START Data extract

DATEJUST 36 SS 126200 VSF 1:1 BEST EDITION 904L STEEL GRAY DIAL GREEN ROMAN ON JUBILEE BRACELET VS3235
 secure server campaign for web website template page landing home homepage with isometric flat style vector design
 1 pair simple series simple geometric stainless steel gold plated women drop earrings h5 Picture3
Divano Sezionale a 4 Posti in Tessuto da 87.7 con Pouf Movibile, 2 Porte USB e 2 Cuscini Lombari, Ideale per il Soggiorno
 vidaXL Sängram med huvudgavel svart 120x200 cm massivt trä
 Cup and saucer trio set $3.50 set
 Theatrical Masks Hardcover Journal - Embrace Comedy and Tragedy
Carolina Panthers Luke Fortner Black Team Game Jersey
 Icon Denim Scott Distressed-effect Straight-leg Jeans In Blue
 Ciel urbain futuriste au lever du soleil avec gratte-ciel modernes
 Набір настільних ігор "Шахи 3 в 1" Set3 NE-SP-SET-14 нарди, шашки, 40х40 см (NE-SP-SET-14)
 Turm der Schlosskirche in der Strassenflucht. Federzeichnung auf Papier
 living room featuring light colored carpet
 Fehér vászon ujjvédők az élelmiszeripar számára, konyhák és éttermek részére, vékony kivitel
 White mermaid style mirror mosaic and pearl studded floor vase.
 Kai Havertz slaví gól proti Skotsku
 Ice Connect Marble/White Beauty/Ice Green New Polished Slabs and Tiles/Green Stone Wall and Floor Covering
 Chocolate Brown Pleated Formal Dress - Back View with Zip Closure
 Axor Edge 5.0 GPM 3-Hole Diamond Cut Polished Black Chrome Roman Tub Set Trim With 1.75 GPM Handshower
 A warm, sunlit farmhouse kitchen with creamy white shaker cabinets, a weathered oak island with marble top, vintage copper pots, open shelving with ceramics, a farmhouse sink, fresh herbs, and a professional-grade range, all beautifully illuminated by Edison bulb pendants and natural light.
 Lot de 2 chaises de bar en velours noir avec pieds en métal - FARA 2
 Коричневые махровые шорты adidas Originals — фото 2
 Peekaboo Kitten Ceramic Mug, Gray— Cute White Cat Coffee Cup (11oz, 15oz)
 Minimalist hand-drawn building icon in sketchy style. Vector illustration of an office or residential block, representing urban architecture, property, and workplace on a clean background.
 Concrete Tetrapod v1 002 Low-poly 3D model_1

END Data extract

§ **To do**:
Retype exactly. Start at the line with "Axor Edge 5.0" and stop at the last line of the data.

§ **Answer to the problem**:
 Axor Edge 5.0 GPM 3-Hole Diamond Cut Polished Black Chrome Roman Tub Set Trim With 1.75 GPM Handshower
 A warm, sunlit farmhouse kitchen with creamy white shaker cabinets, a weathered oak island with marble top, vintage copper pots, open shelving with ceramics, a farmhouse sink, fresh herbs, and a professional-grade range, all beautifully illuminated by Edison bulb pendants and natural light.
 Lot de 2 chaises de bar en velours noir avec pieds en métal - FARA 2
 Коричневые махровые шорты adidas Originals — фото 2
 Peekaboo Kitten Ceramic Mug, Gray— Cute White Cat Coffee Cup (11oz, 15oz)
 Minimalist hand-drawn building icon in sketchy style. Vector illustration of an office or residential block, representing urban architecture, property, and workplace on a clean background.
 Concrete Tetrapod v1 002 Low-poly 3D model_1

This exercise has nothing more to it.